Exercise prompt =
Exact copy, no pictures: set down the lines from the one holding "Date PERPETUAL INVENTORY" through the final line of the records below.

Source material =
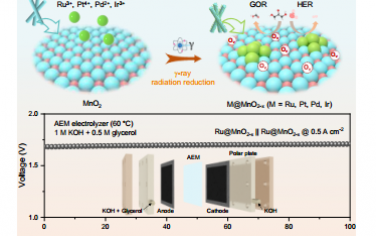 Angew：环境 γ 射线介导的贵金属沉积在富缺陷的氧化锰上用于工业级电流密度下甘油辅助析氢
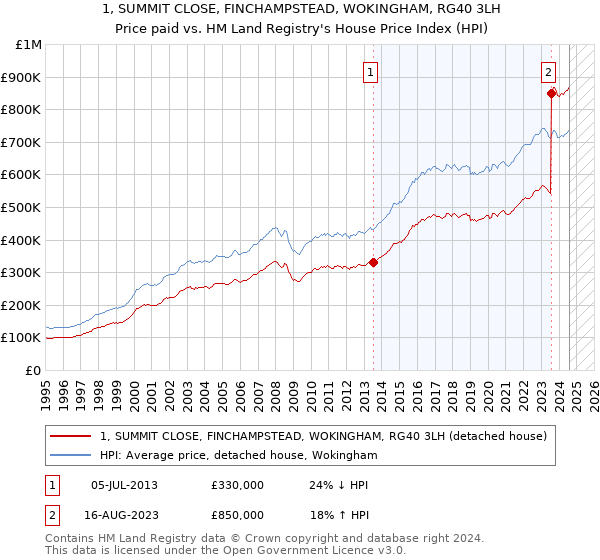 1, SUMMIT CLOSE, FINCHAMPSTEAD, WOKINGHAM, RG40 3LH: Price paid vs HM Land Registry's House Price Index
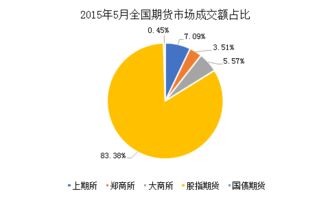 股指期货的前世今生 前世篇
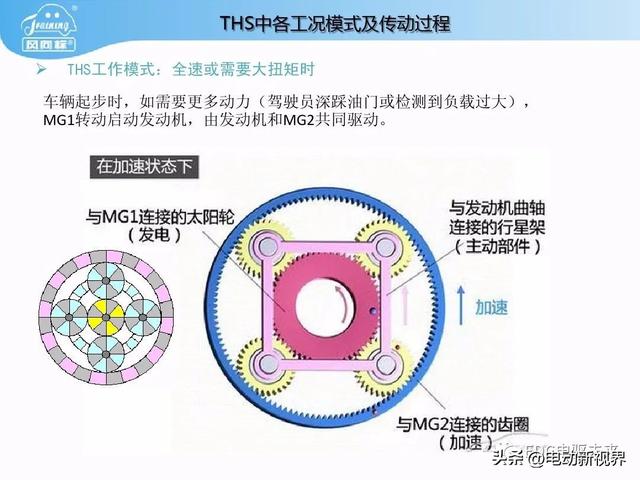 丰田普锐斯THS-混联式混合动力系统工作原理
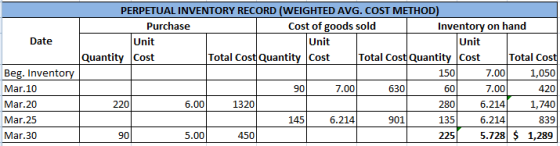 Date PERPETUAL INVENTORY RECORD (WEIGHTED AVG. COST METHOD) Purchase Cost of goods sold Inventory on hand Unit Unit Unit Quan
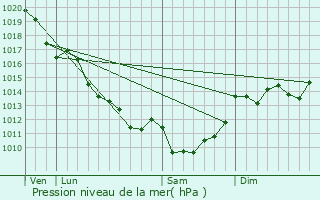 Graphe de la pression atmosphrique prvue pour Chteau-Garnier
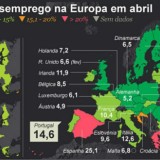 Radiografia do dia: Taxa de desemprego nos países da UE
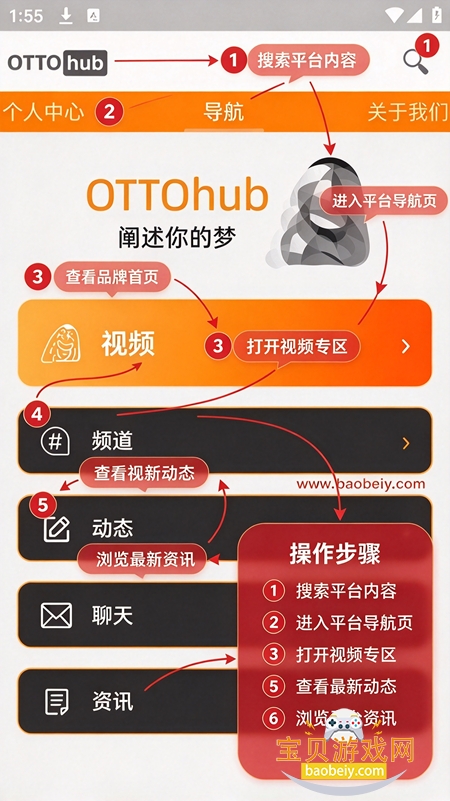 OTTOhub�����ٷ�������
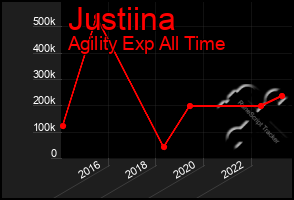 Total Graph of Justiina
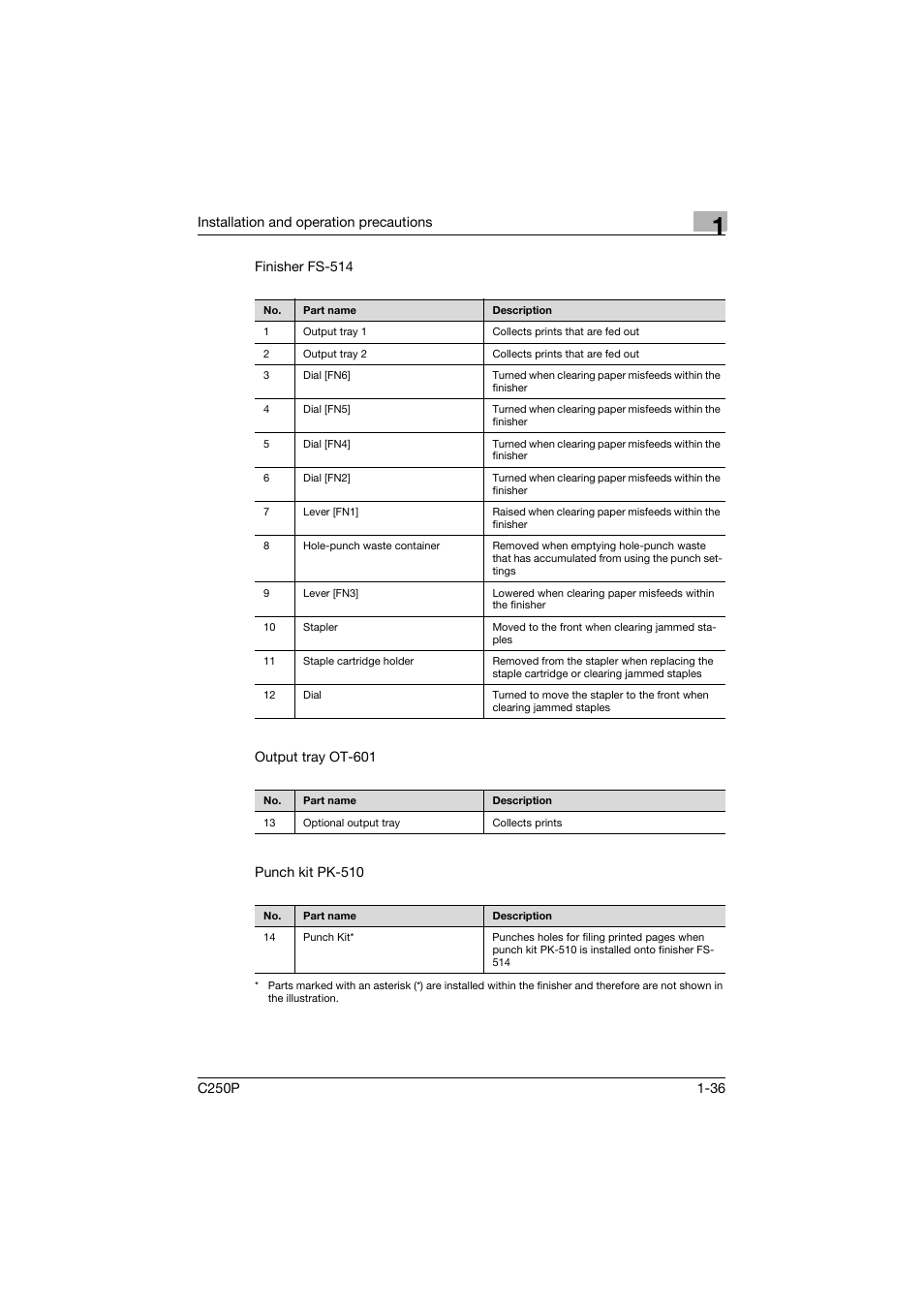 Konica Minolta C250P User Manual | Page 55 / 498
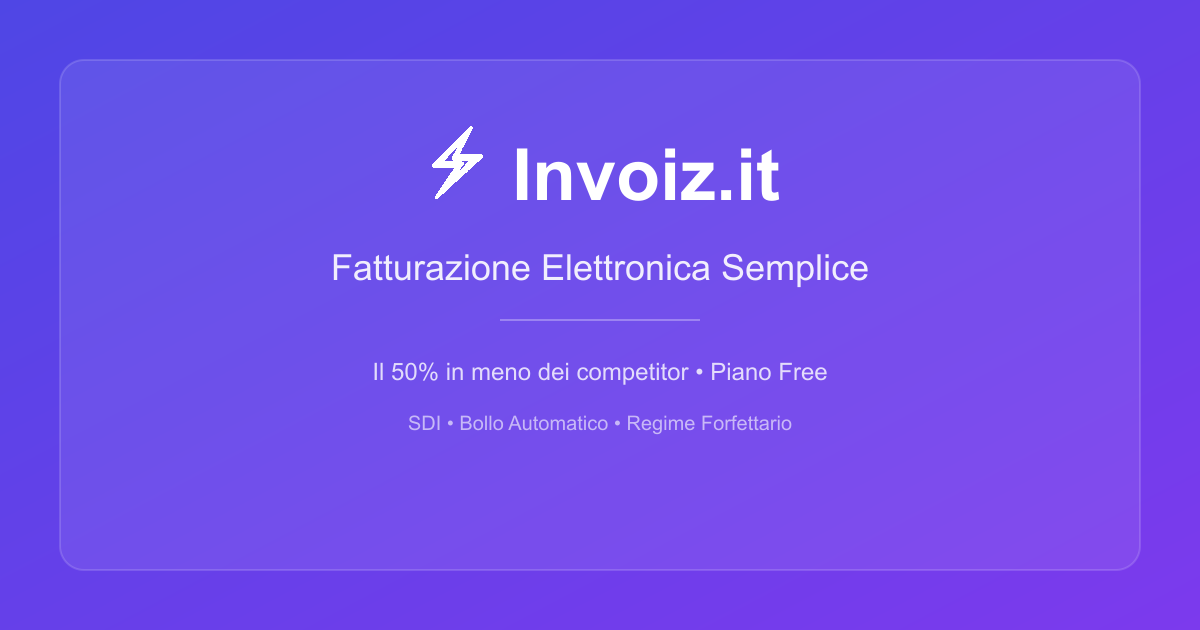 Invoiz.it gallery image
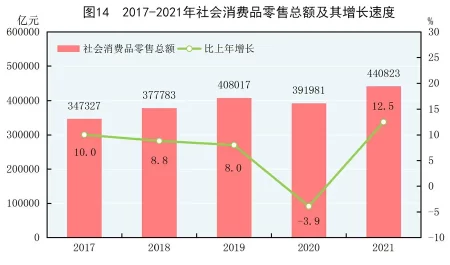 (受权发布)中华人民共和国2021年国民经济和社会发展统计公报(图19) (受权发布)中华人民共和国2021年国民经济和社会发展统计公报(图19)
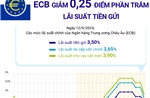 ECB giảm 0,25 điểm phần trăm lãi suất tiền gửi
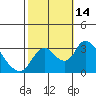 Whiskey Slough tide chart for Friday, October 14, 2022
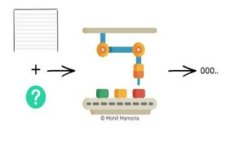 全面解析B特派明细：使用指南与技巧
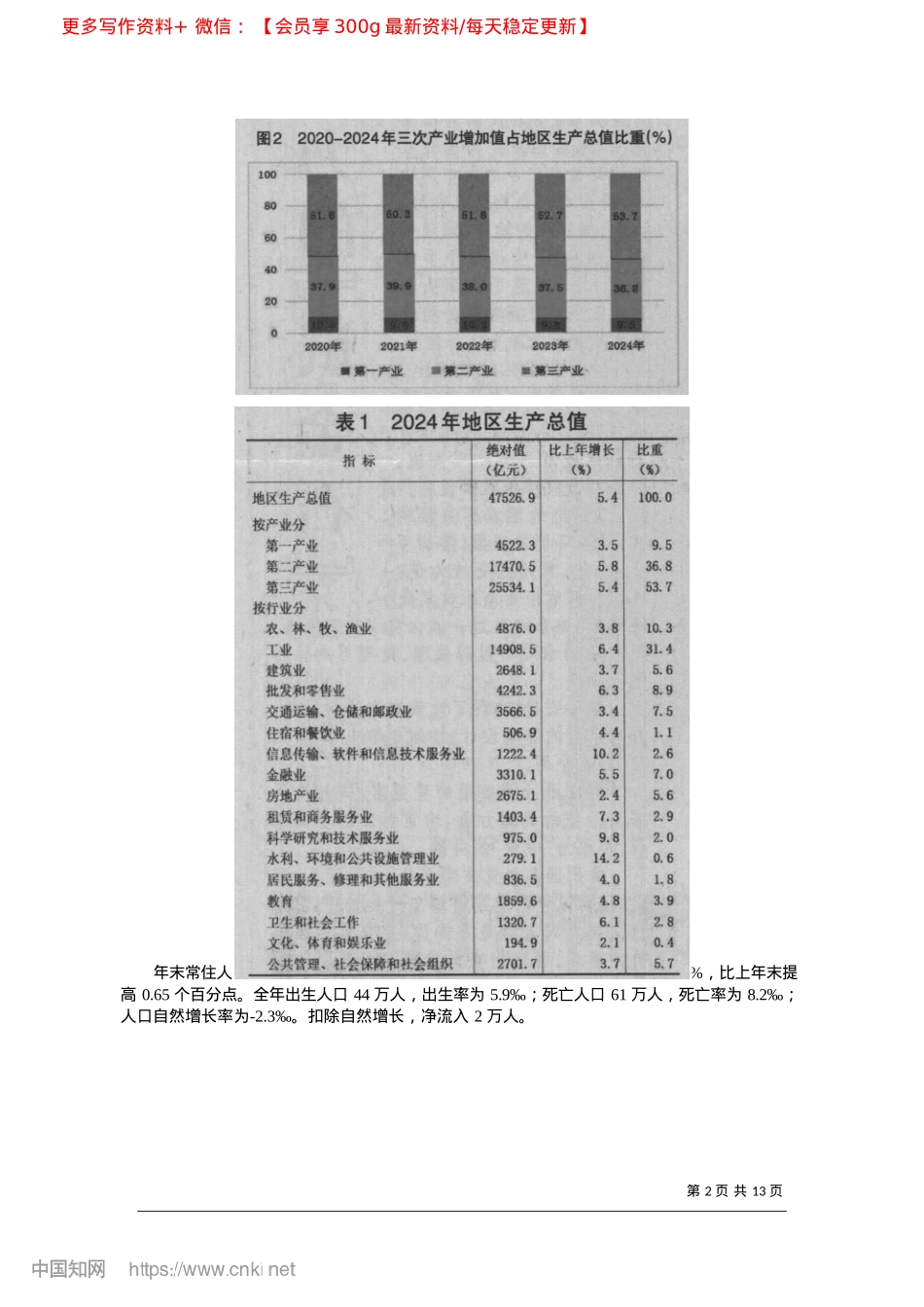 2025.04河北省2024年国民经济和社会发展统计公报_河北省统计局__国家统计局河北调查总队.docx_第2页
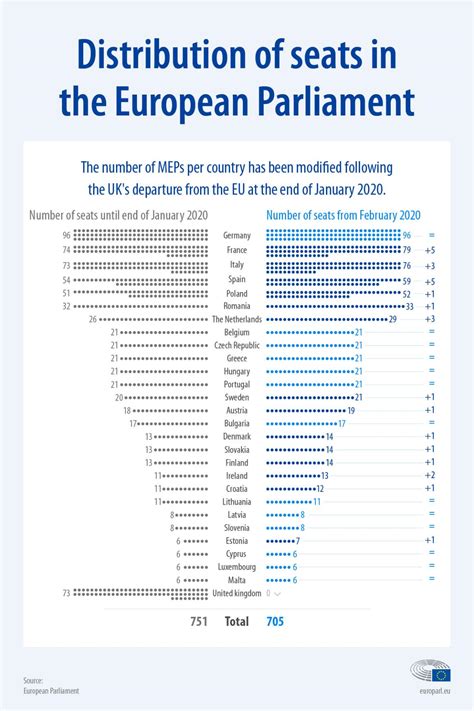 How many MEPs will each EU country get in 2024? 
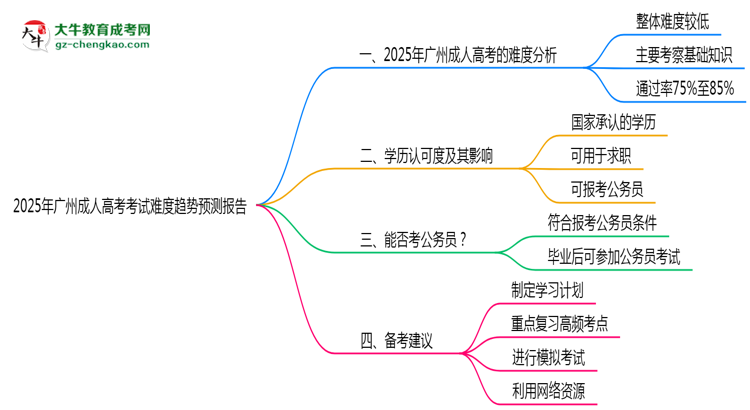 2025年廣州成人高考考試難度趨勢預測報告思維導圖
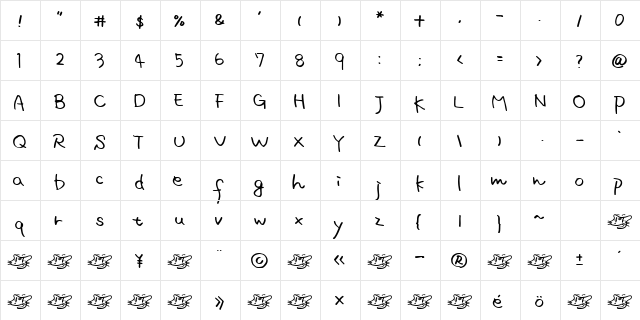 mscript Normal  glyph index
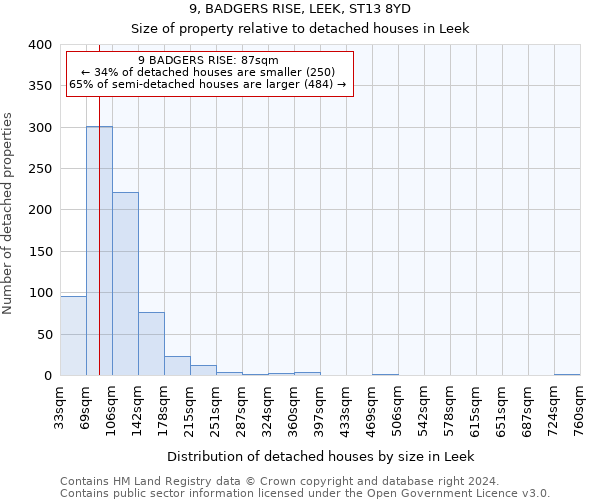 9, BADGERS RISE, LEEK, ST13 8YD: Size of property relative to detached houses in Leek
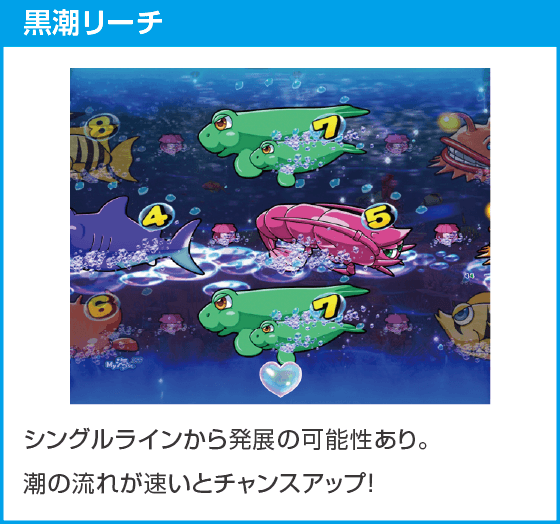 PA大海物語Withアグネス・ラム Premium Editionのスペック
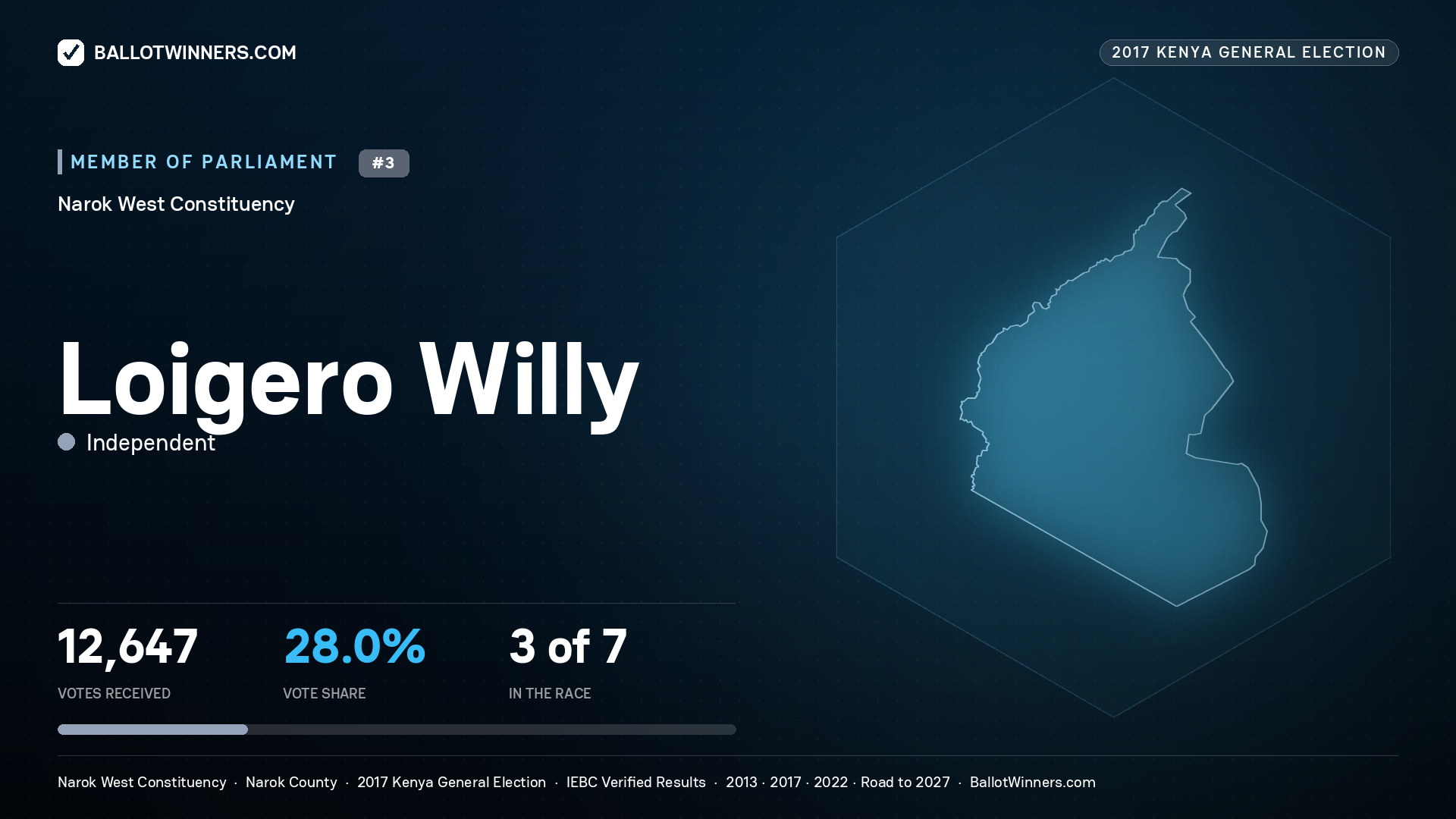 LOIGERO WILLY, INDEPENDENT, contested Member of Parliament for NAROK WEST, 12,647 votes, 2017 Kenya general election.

Answer box =
 Date PERPETUAL INVENTORY RECORD (WEIGHTED AVG. COST METHOD) Purchase Cost of goods sold Inventory on hand Unit Unit Unit Quan
 Graphe de la pression atmosphrique prvue pour Chteau-Garnier
 Radiografia do dia: Taxa de desemprego nos países da UE
 OTTOhub�����ٷ�������
 Total Graph of Justiina
 Konica Minolta C250P User Manual | Page 55 / 498
 Invoiz.it gallery image
 (受权发布)中华人民共和国2021年国民经济和社会发展统计公报(图19) (受权发布)中华人民共和国2021年国民经济和社会发展统计公报(图19)
 ECB giảm 0,25 điểm phần trăm lãi suất tiền gửi
 Whiskey Slough tide chart for Friday, October 14, 2022
 全面解析B特派明细：使用指南与技巧
 2025.04河北省2024年国民经济和社会发展统计公报_河北省统计局__国家统计局河北调查总队.docx_第2页
 How many MEPs will each EU country get in 2024? 
 2025年廣州成人高考考試難度趨勢預測報告思維導圖
 mscript Normal  glyph index
 9, BADGERS RISE, LEEK, ST13 8YD: Size of property relative to detached houses in Leek
 PA大海物語Withアグネス・ラム Premium Editionのスペック
 LOIGERO WILLY, INDEPENDENT, contested Member of Parliament for NAROK WEST, 12,647 votes, 2017 Kenya general election.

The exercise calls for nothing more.